_WHAT THIS TASK INVOLVES:_ Transcribe all data verbatim. Skip the pictures.

_TASK INPUT:_
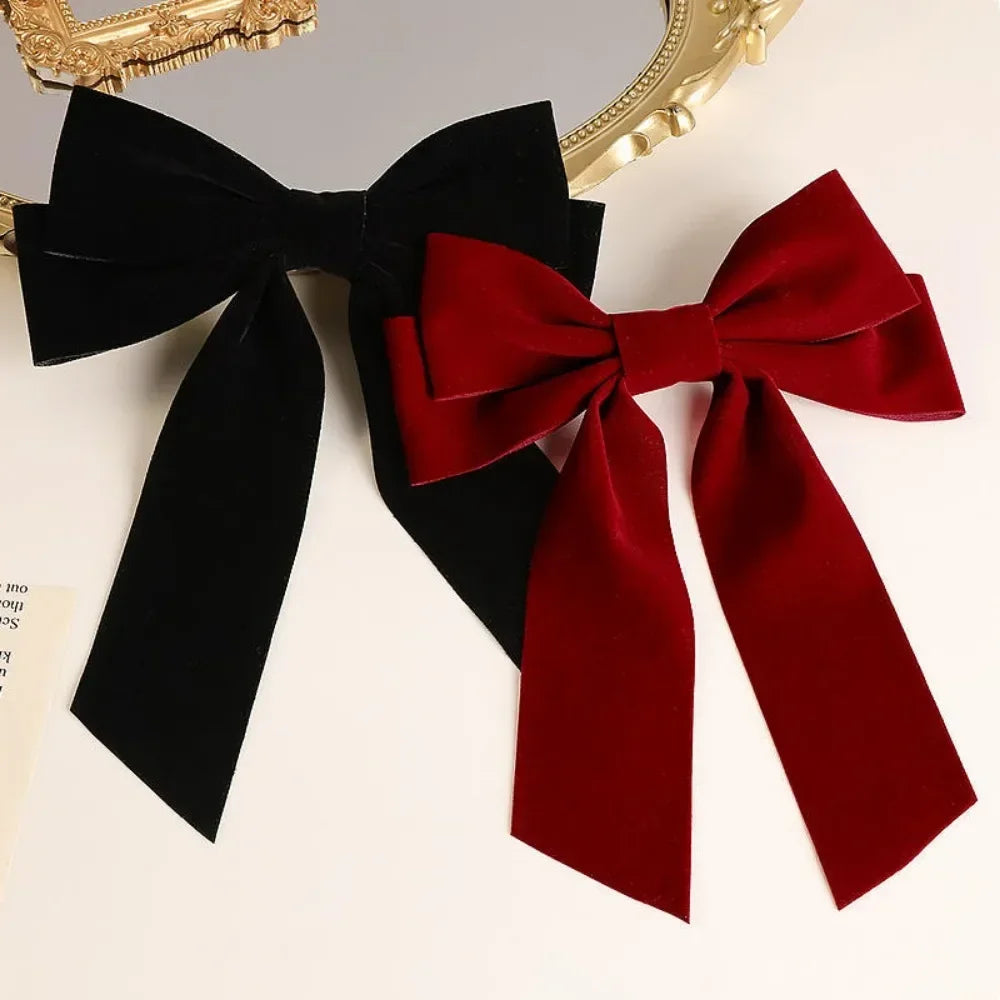 Black Red Velvet Long Ribbon Wedding Fashion Christmas Hair Accessory Accessories-L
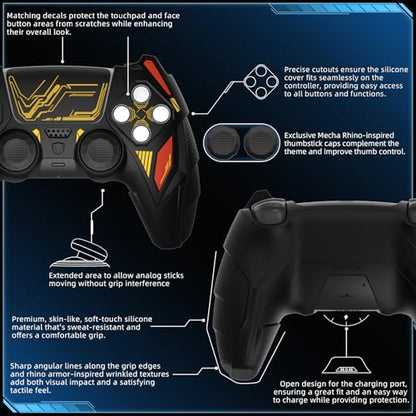 PlayVital Silicone Skin Set for PS5 Controller - Mecha Rhino Design, Anti-Slip Grip Cover Protector Compatible with Charging Dock, with Thumb Grips & Touchpad Sticker - Black & Caution Red - color: Black & Caution Red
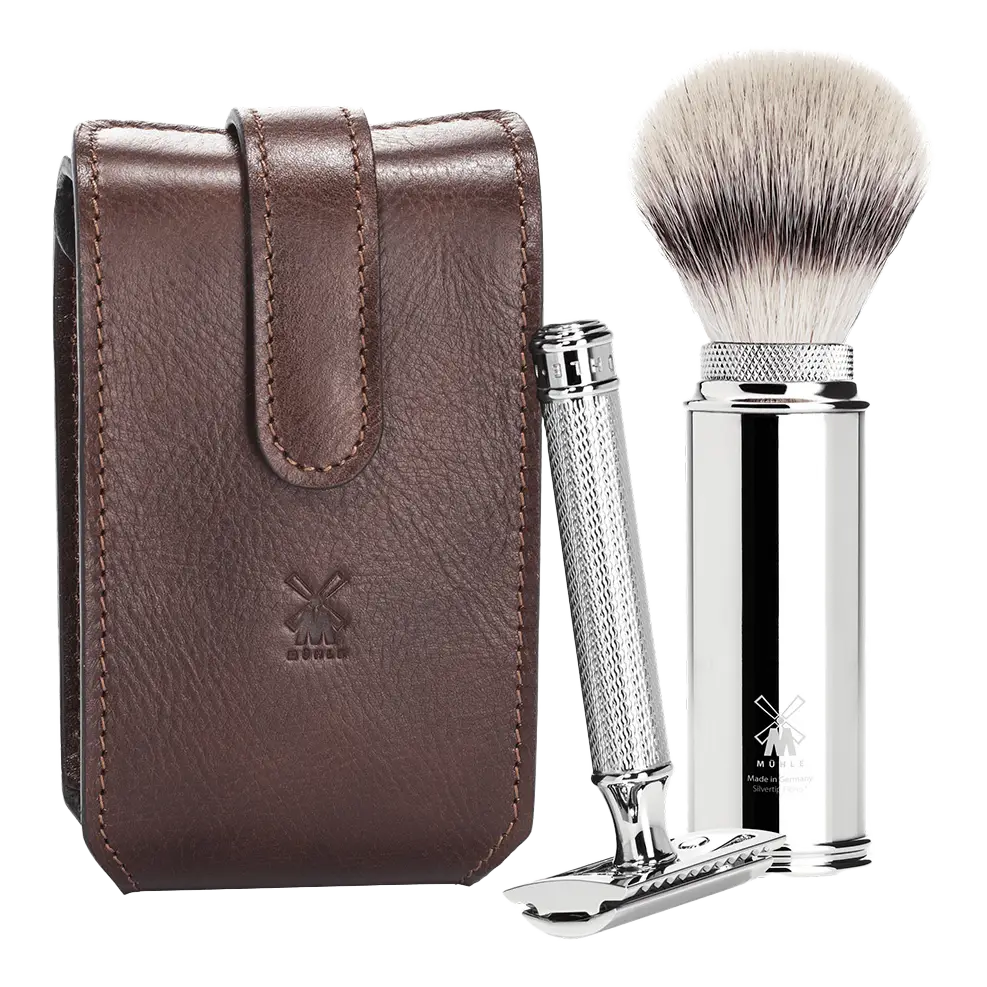 Mühle reisebarbersett Brun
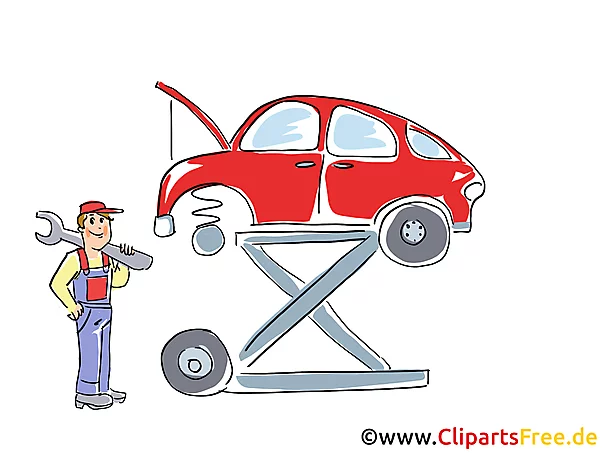 Auto auf der Hebebühne Clipart, Bild, Grafik, Cartoon, Illustration gratis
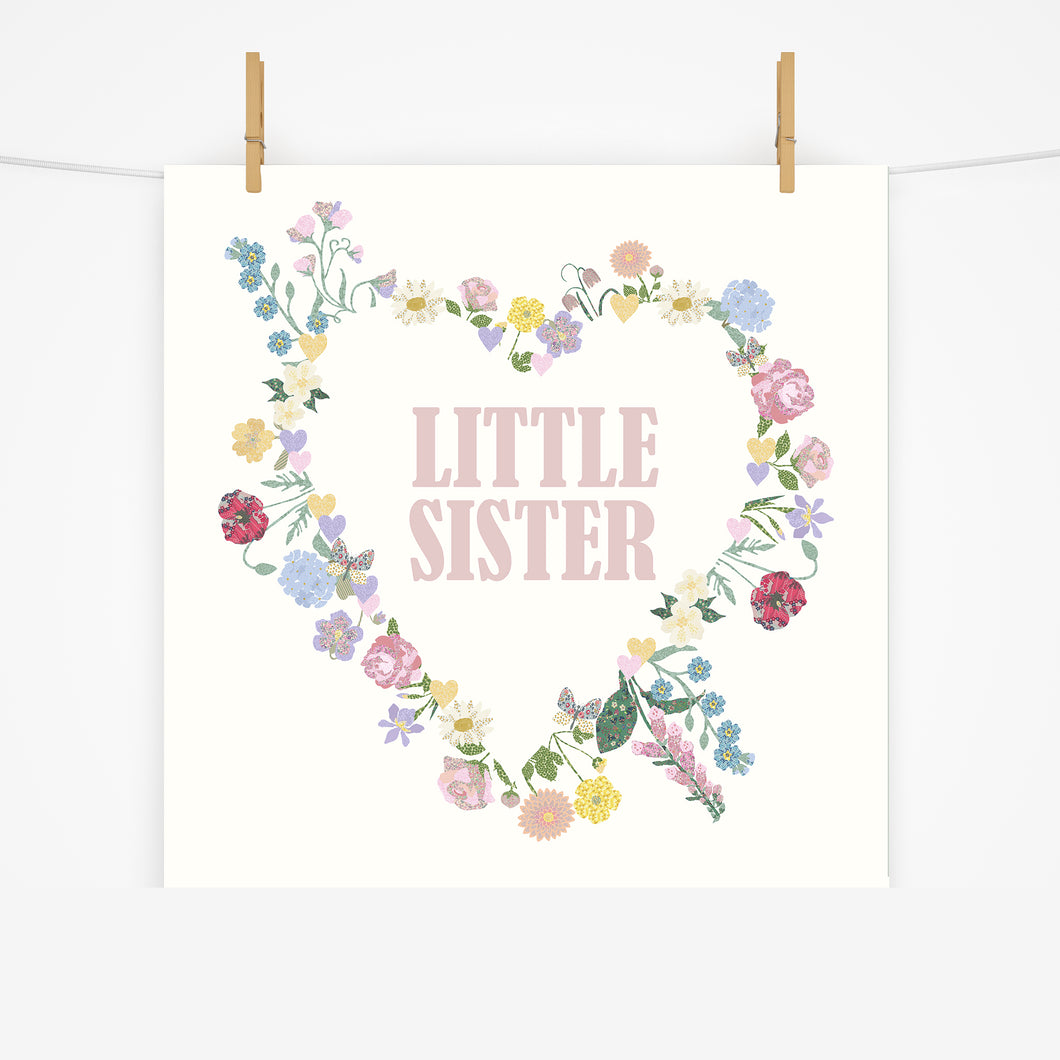 Little Sister Heart Wreath | Print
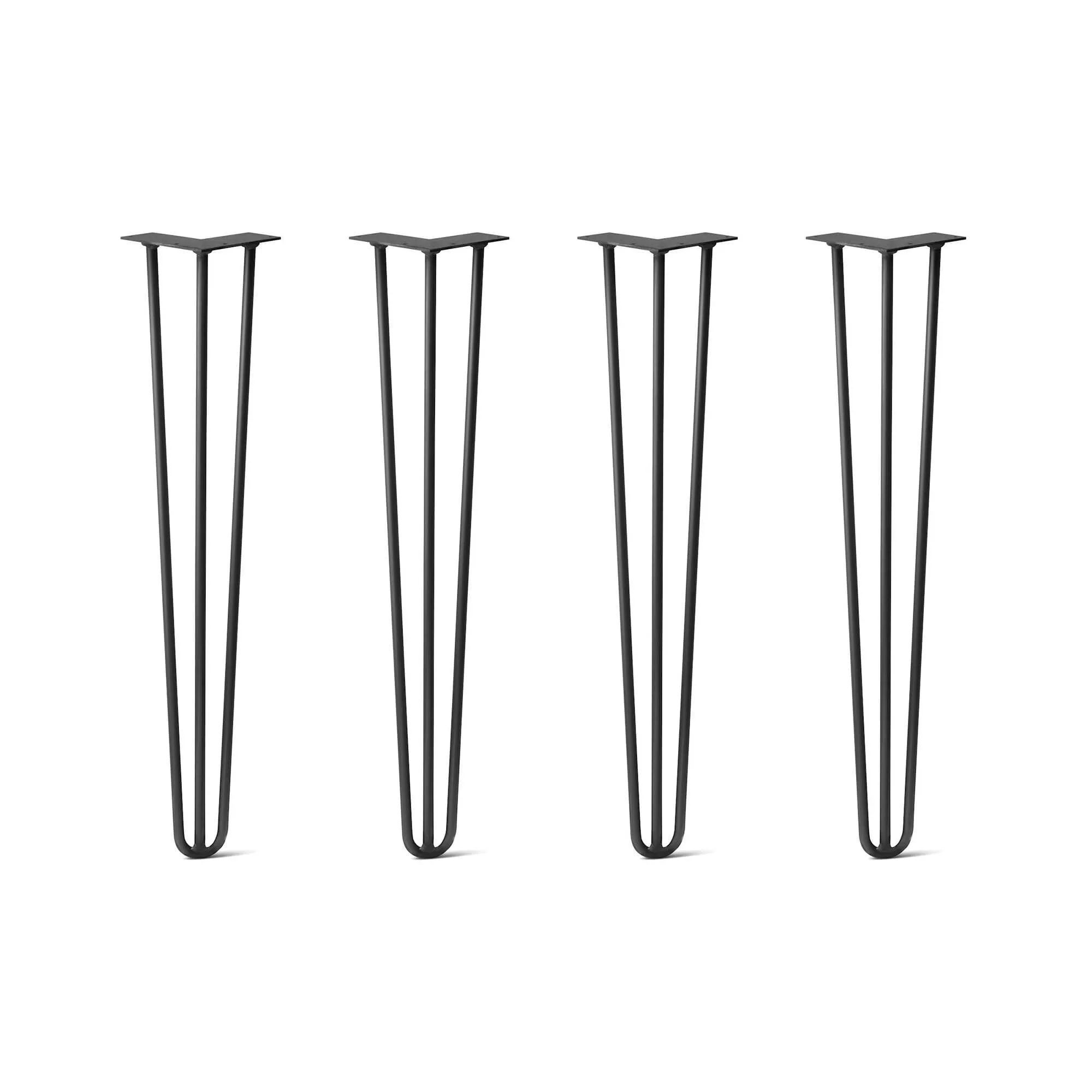 Hairpin Legs Set of 4, 3-Rod Design - Jet Black Satin Powder Coated Finish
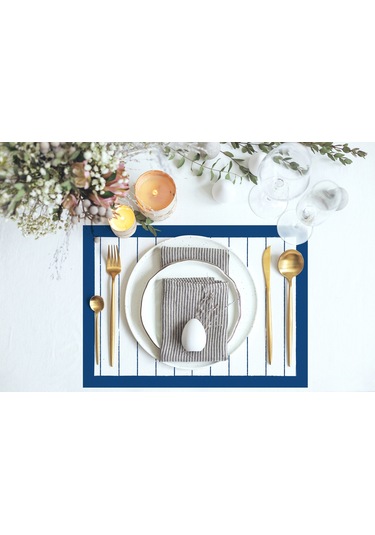 Adawall Home Lacivert Çizgili Tom & Jerry Kumaş Amerikan Servis 4 Çok Renkli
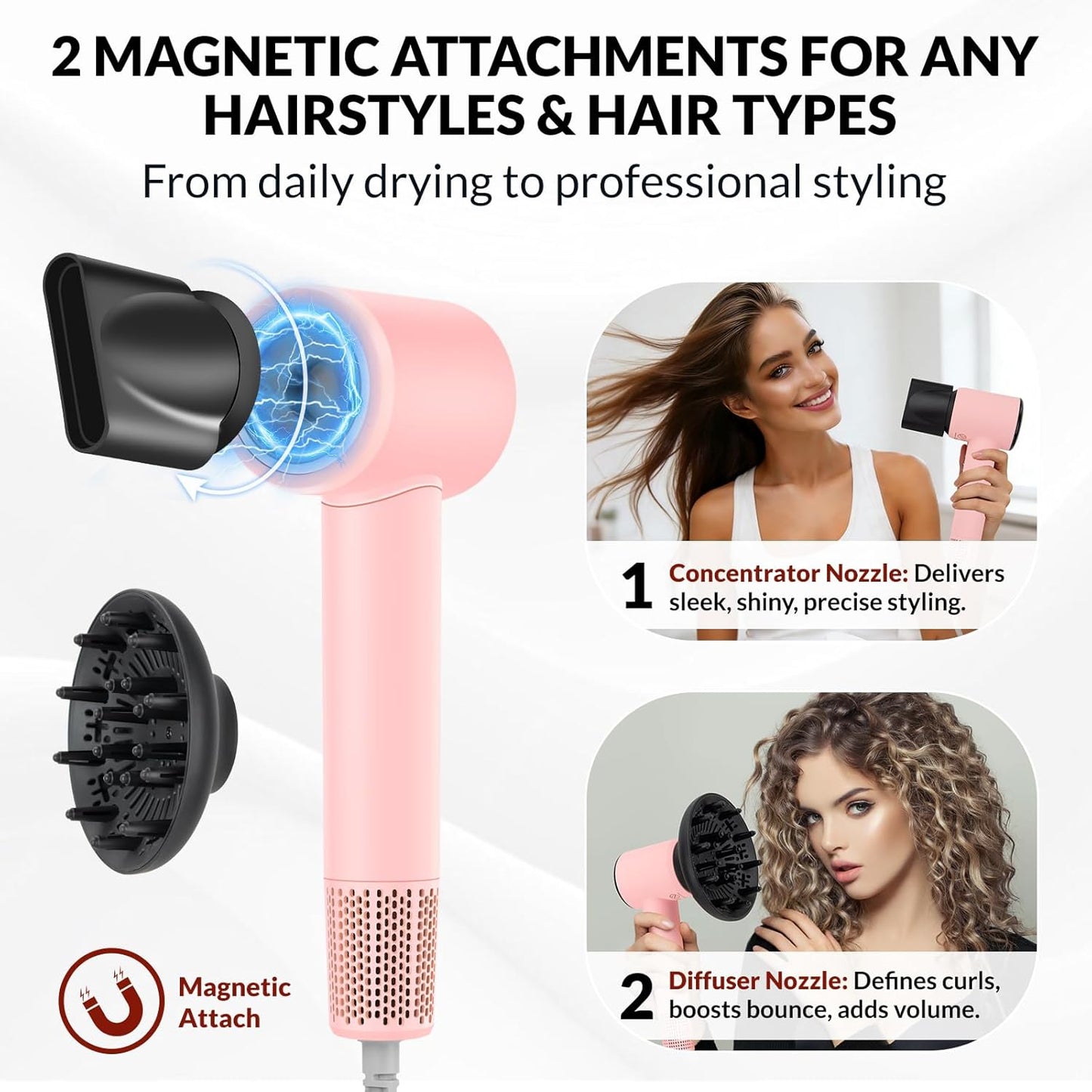 Chignon Ionic Travel Hair Dryer - 1600W Fast Drying Blow Dryer with Diffuser | Lightweight Pink Design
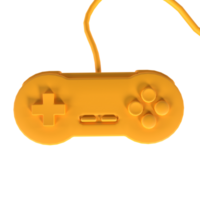 Colorful 3D rendering of a yellow retro game controller design png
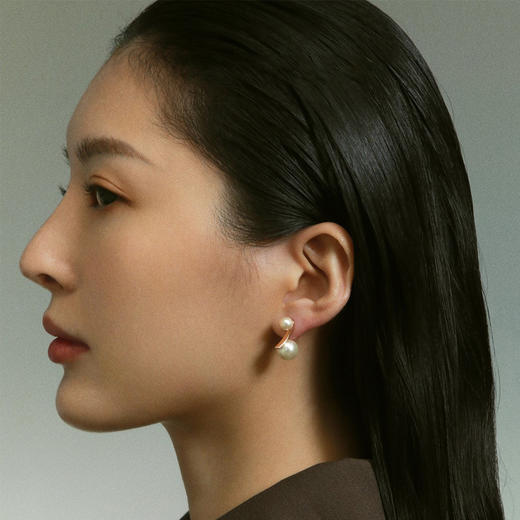 雀说原创设计纯银珍珠耳环女复古港风大珍珠耳钉高级感小众银耳饰ALQIBEI06 商品图2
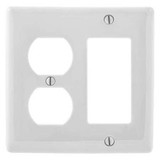 Hubbell Wiring Device-Kellems Wall Plate,White,2 Gangs,Smooth,Nylon NP826W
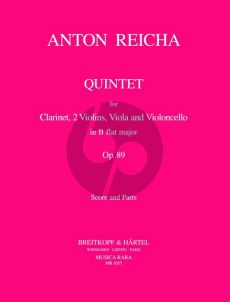 Reicha Quintet B-flat Op.89 for Clarinet in Bb, 2 Violins, Viola and Violoncello Score and Parts (Edited by Kurt Janetzky)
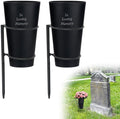 Engraving Metal Cemetery Vases Flower Holder with Spikes Memorial vases for Grave Vase Decorations for Cemetery Vase Flower Holder for Memorial Grave Lawn Yard Funeral Headstone Decor with Freely DIY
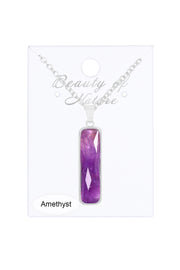 Amethyst Rectangle Pendant Necklace - SF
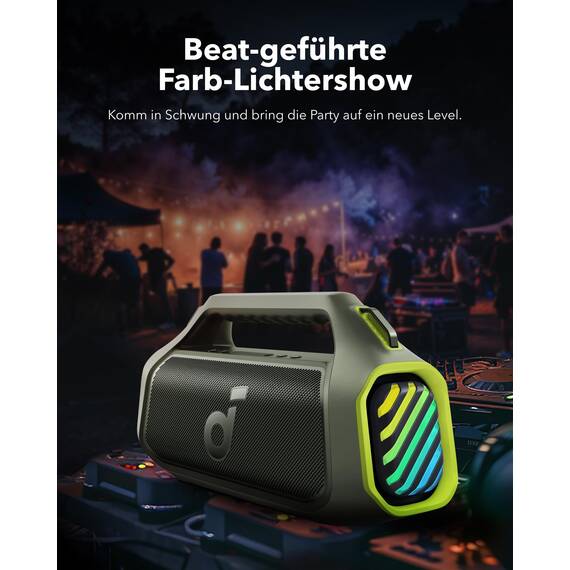 soundcore Boom 2 Plus Outdoor Lautsprecher, 140W, 2+2 Channel, BassUp 2.0, 20h, Schnellladung, IPX7 wasserdicht, RGB Lichter, USB-C, Power Bank, BT 5.3, tragbarer Bluetooth Lautsprecher, Camping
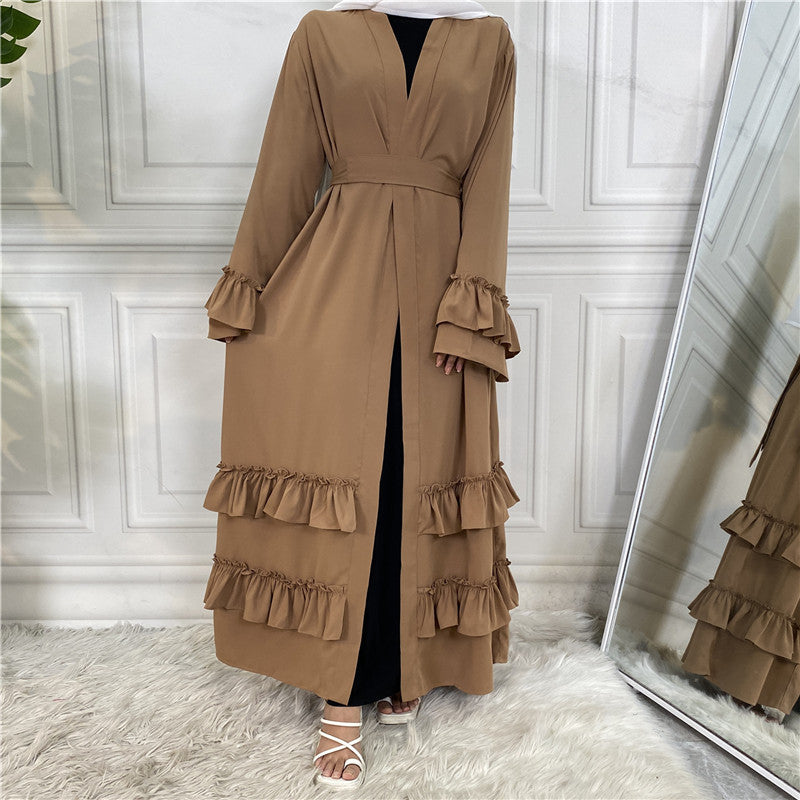 Puff sleeve buttoned cardigan robe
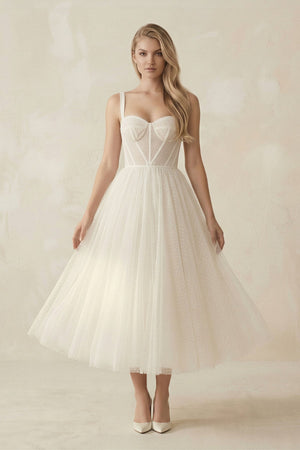 Sweetheart Polka Dot Tulle A - Line Corset Midi Wedding Dress in Ivory - SHE IS ME Wedding Dresses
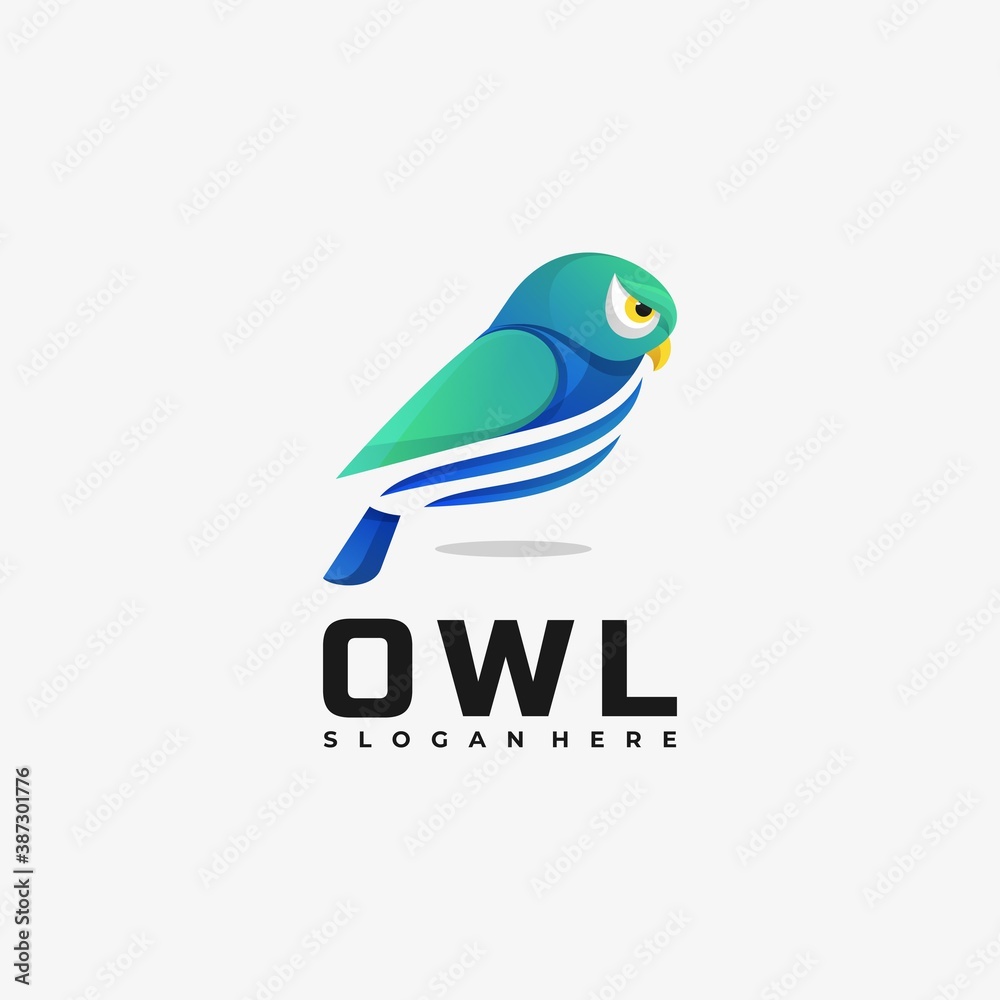 Fototapeta premium Vector Logo Illustration Owl Gradient Colorful Style.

_RESPONSE FOR THIS EXERCISE:_
 Black Red Velvet Long Ribbon Wedding Fashion Christmas Hair Accessory Accessories-L
 PlayVital Silicone Skin Set for PS5 Controller - Mecha Rhino Design, Anti-Slip Grip Cover Protector Compatible with Charging Dock, with Thumb Grips & Touchpad Sticker - Black & Caution Red - color: Black & Caution Red
 Mühle reisebarbersett Brun
 Auto auf der Hebebühne Clipart, Bild, Grafik, Cartoon, Illustration gratis
 Little Sister Heart Wreath | Print
 Hairpin Legs Set of 4, 3-Rod Design - Jet Black Satin Powder Coated Finish
 Adawall Home Lacivert Çizgili Tom & Jerry Kumaş Amerikan Servis 4 Çok Renkli
 Chignon Ionic Travel Hair Dryer - 1600W Fast Drying Blow Dryer with Diffuser | Lightweight Pink Design
 Colorful 3D rendering of a yellow retro game controller design png
 雀说原创设计纯银珍珠耳环女复古港风大珍珠耳钉高级感小众银耳饰ALQIBEI06 商品图2
 Hubbell Wiring Device-Kellems Wall Plate,White,2 Gangs,Smooth,Nylon NP826W
 Reicha Quintet B-flat Op.89 for Clarinet in Bb, 2 Violins, Viola and Violoncello Score and Parts (Edited by Kurt Janetzky)
 Engraving Metal Cemetery Vases Flower Holder with Spikes Memorial vases for Grave Vase Decorations for Cemetery Vase Flower Holder for Memorial Grave Lawn Yard Funeral Headstone Decor with Freely DIY
 Amethyst Rectangle Pendant Necklace - SF
 soundcore Boom 2 Plus Outdoor Lautsprecher, 140W, 2+2 Channel, BassUp 2.0, 20h, Schnellladung, IPX7 wasserdicht, RGB Lichter, USB-C, Power Bank, BT 5.3, tragbarer Bluetooth Lautsprecher, Camping
 Puff sleeve buttoned cardigan robe
 Sweetheart Polka Dot Tulle A - Line Corset Midi Wedding Dress in Ivory - SHE IS ME Wedding Dresses
 Fototapeta premium Vector Logo Illustration Owl Gradient Colorful Style.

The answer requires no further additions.